The task: Only the pictures are to be dropped; the rest of the data below is to be duplicated exactly.

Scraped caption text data
□ □ □ □

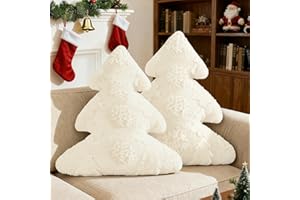 Lanpn Zestaw 2 Poduszka świąteczna, Płatek śniegu i Choinka Poduszka Choinka Świąteczna, świąteczna dekoracja, zimowe poduszki dekoracyjne do salonu sypialni na kanapę Łóżko (Biały, 40.5x45.5cm)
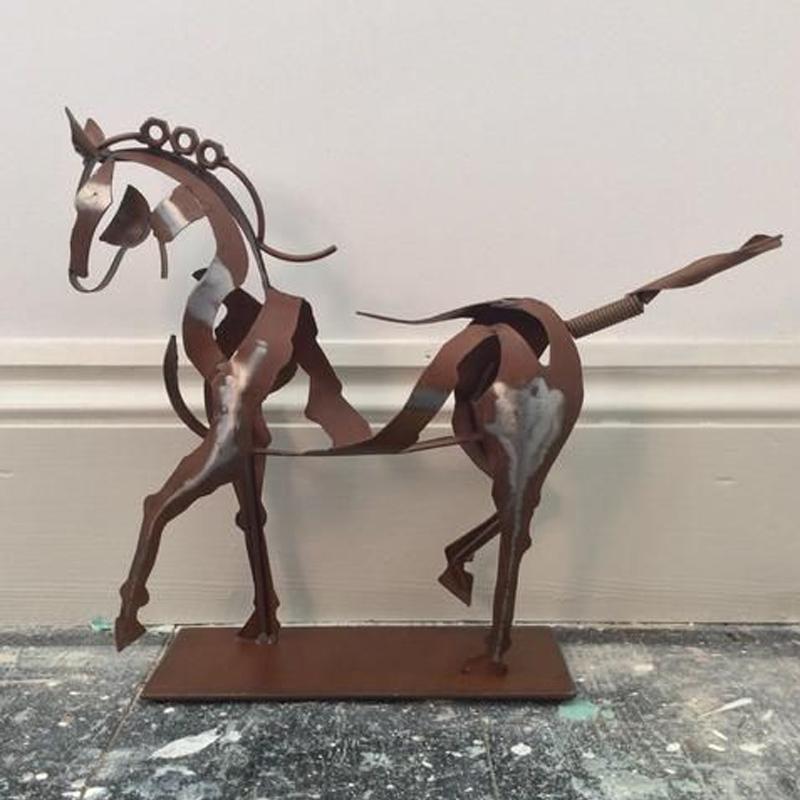 Handcrafted Metal Horse Sculpture "Adonis"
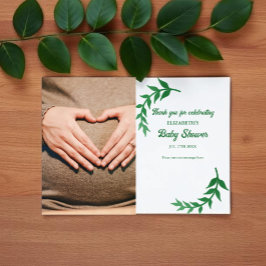 Tarjeta De Agradecimiento Chic Baby Shower de Vegetación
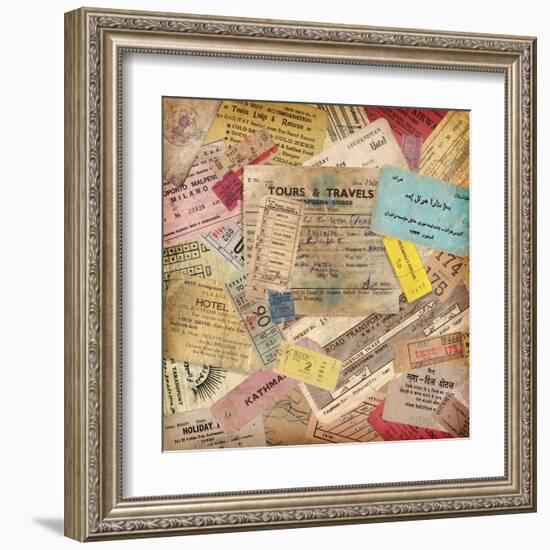 Vintage Travel Background Made Of Lots Of Old Tickets-shootandwin-Framed Art Print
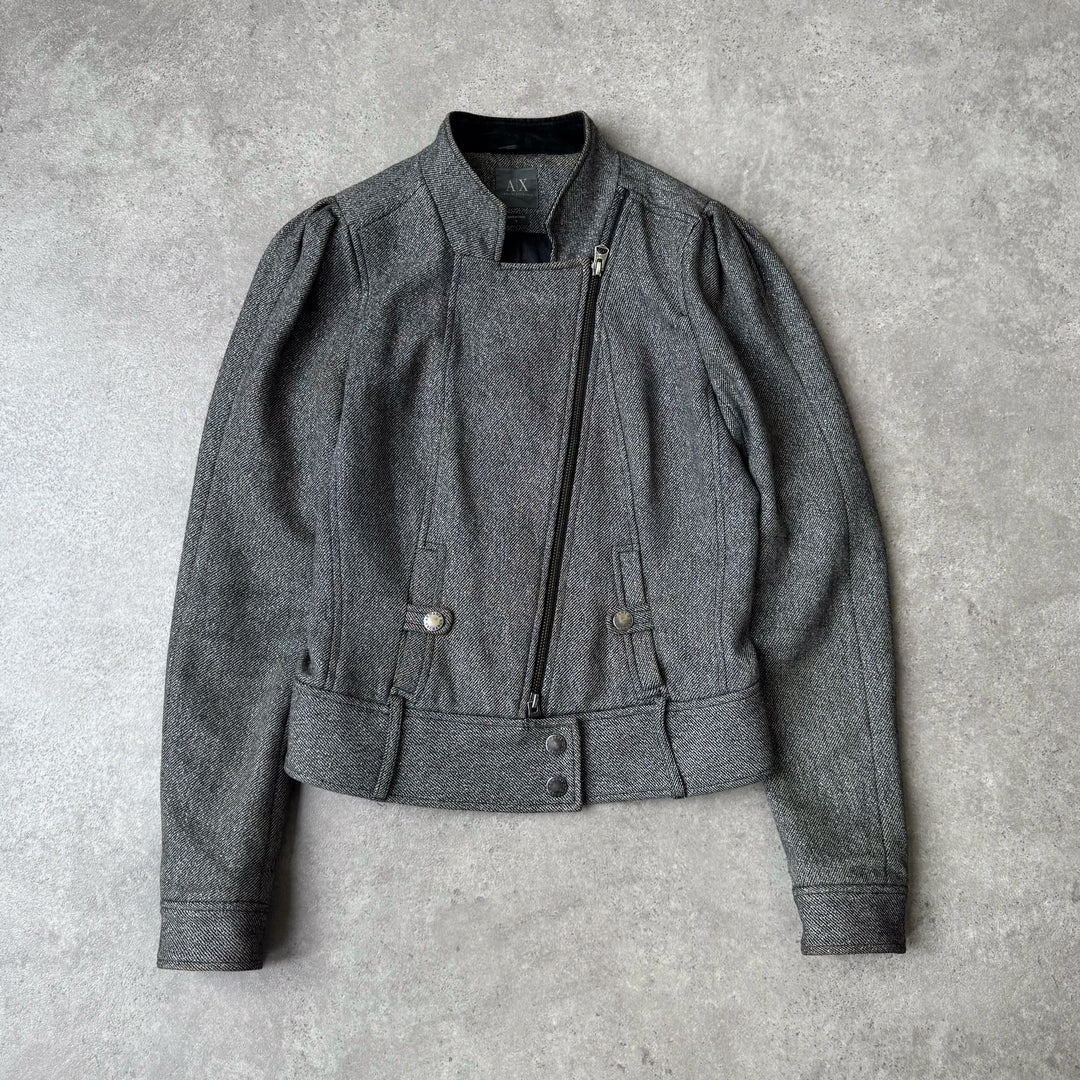 Armani Exchange Bomber Jacket Grey Women's UK 8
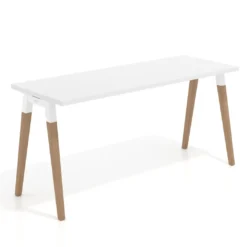Mesa de escritorio Arki, patas de madera maciza, fondo 60cm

□ □ □ □

Finished exercise:
 Lanpn Zestaw 2 Poduszka świąteczna, Płatek śniegu i Choinka Poduszka Choinka Świąteczna, świąteczna dekoracja, zimowe poduszki dekoracyjne do salonu sypialni na kanapę Łóżko (Biały, 40.5x45.5cm)
 Handcrafted Metal Horse Sculpture "Adonis"
 Tarjeta De Agradecimiento Chic Baby Shower de Vegetación
 Vintage Travel Background Made Of Lots Of Old Tickets-shootandwin-Framed Art Print
 Armani Exchange Bomber Jacket Grey Women's UK 8
Mesa de escritorio Arki, patas de madera maciza, fondo 60cm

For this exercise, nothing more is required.